Mich auf den Atem zu fokussieren fällt leichter als beim ersten Retreat. Weniger Gedanken kommen und sie vergehen auch schneller wieder. Was nicht funktioniert, ist, den Atem in seiner Natürlichkeit zu beobachten. Sobald ich mich auf ihn einlasse, manipuliere ich Stärke oder Frequenz. Es scheint mir wie die körperliche Erfahrung der Heisenbergschen Unschärferelation, eine Erkenntnis der modernen Quantenphysik. Bei einem subatomaren Teilchen können nicht gleichzeitig zwei komplementäre Eigenschaften, wie Ort und Impuls, exakt bestimmt werden. Als Beobachter verändert man unweigerlich immer eine der beiden Eigenschaften. So wie ich den Atem ungewollt beeinflusse, sobald ich beginne, ihn zu beobachten.
Am vierten Nachmittag erklärt Goenka die Vipassana-Technik. Den Körper Stück für Stück auf einem fixen Pfad nach Empfindungen absuchen. Erfahren, dass alles veränderlich ist. Wie Gefühle kommen und wieder gehen. Darum Gleichmut entwickeln. Wenn alles vergänglich ist, macht weder Aversion noch Begierde Sinn. Während der knapp zwei Stunden langen Unterweisung tobt ein Gewitter über der Meditationshalle. Die Donnerschläge verleihen der Szene Mystik. Beim Verlassen der Halle überraschen mich 20 Zentimeter Schnee. Als würde die Natur Goenka Nachdruck verleihen wollen. Anicca, alles Veränderung.
Wir sitzen dreimal täglich adhiţţhāna, mit starker Entschlossenheit. Eine Stunde lang bleiben die Augen geschlossen, die Position wird nicht verändert. Die Stunde verfliegt, wenn die angenehmen Gefühle kommen, aber die Zeit dehnt sich, wenn sich Rückenschmerzen verhärten. Die körperliche Erfahrung der speziellen Relativitätstheorie. Zeit ist relativ. Der Gleichmut muss bewahrt werden. Gleichmut gegenüber einem Messer zwischen zweitem und drittem Lendenwirbel, das um 90 Grad gedreht wird, und Gleichmut gegenüber dem Gefühl, mit einer Schrotflinte beschossen zu werden, deren Ladung die Orgasmen der letzten zehn Jahren enthält. Das ist die Übung. Nach sïïla und samādhi ist das der dritte Teil der Technik, paññā, Weisheit. Vergänglichkeit am eigenen Körper erfahren – bis hin zur Erleuchtung. Die Erleuchtung besteht vielleicht lediglich in der Erkenntnis, mit dem zufrieden zu sein, was ist. Zuckerbrot oder Peitsche. Denn es sind weder Subjekte noch Objekte, die wir lieben oder hassen, sondern nur die von ihnen ausgelösten vergänglichen Gefühle, die wir am eigenen Leib verspüren. Kurz konnte ich den Zustand erleben, wenn der Körper sich im freien Fluss der Empfindungen dematerialisiert und zu einer hochfrequenten stehenden Welle wird. Zu überwältigend ist dieses Befinden, um nicht den Gleichmut zu verlieren und Verlangen zu generieren. Dann fällt die Welle wie ein Kartenhaus zusammen und wird für viele Meditationsstunden blockiert. Nun verstehe ich, warum man Siddhartha Gautama, den Buddha, zu einem Gott gemacht hat. Es braucht schier übermenschliche Attribute, um dieser Begierde mit Gleichmut zu begegnen.

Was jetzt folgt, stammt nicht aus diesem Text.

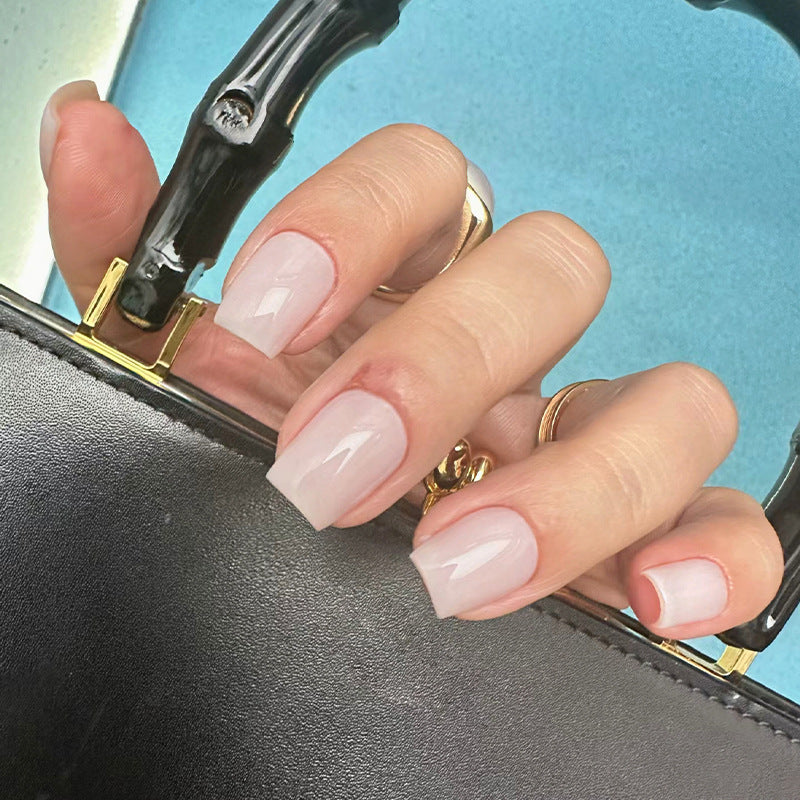 Chic Elegance Medium Square Soft Pink Glossy Press On Nail Set with Unique Shine Finish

Ich kann mit buddhistischem Klimbim wie Wiedergeburt, Erleuchtung oder aufsteigenden Saṅkhāras – eine Art Saat von Begierden und Aversionen, von der wir durch Vipassana gereinigt werden sollen – eigentlich nichts anfangen. Die positiven Auswirkungen des Retreats sind dennoch unbestritten. Das habe ich erlebt. Von der tagelangen Abstinenz von Geschwafel oder globalen News, einer digitalen Entgiftung, bis hin zur spürbaren
Stärkung des Gleichmuts und der damit einhergehenden geistigen und sogar körperlichen Linderung von Leid. Leider ist dieser Zustand ohne ein regelmäßiges, konsequentes Üben nicht nachhaltig.